Laurent d’Altoe est également en train de faire une étude sur les forums des journaux en ligne. Il remarque que ce sont les mêmes noms qui reviennent tout le temps et que ceux-ci sont véritablement investis par des militants d’extrême droite (par ex. le mouvement Nation ici en Belgique, qui ne représente pourtant qu’une centaine de personnes). Pour Mateusz Kukulka, il faudrait presque mettre en place des cellules, organisées en mission de contre-militance, qui combattraient et répondraient à ces commentaires sur les forums et réseaux sociaux. Avec l’avènement d’internet, des discours qui étaient autrefois cantonnés à des discussion de café du commerce ont beaucoup plus de diffusion et ça donne l’impression d’être l’opinion majoritaire.

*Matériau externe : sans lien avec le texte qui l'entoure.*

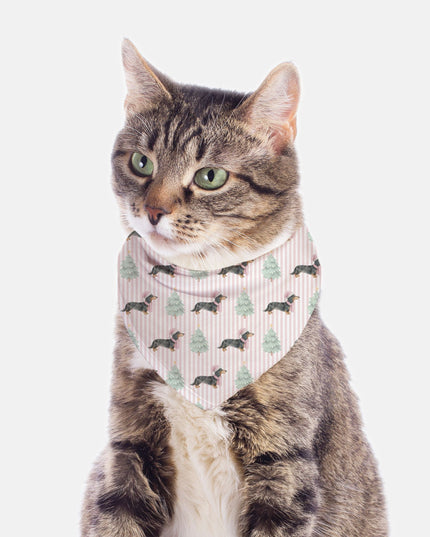 Dog Bandana - Stripes Santa Slay in Pink Dapple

Il faut y être attentif.

Enfin, les deux intervenants se rejoignent sur l’importance d’avoir une cohérence dans les discours tenus par les militants sur le net : rien n’est plus contre-productif que deux militants d’une organisation qui tiennent un discours différent. Il est donc nécessaire de définir et de communiquer certains points d’argumentaire importants à communiquer (des bullet points) et de donner des guidelines aux militants. Chaque activiste doit aussi être très clair au nom de qui il s’exprime sur les réseaux sociaux : à titre personnel ou au nom de l’organisation ? Attention, parfois le militant est tellement connoté à l’association à laquelle il appartient que s’exprimer à titre personnel ne sera plus possible (ex : Elio Di Rupo ne peut pas traiter Marine Le Pen sur les réseaux sociaux, même à titre personnel).

Merci à Laurent d’Altoe et Mateusz Kukulka pour leurs interventions avisées et pleines d’exemples pratiques sur cette thématique particulièrement intéressante pour écolo j !

Pour aller plus loin : « Internet et militance : je t’aime, moi non plus » de Laurent d’Altoe et Didier Brissa (CEPAG)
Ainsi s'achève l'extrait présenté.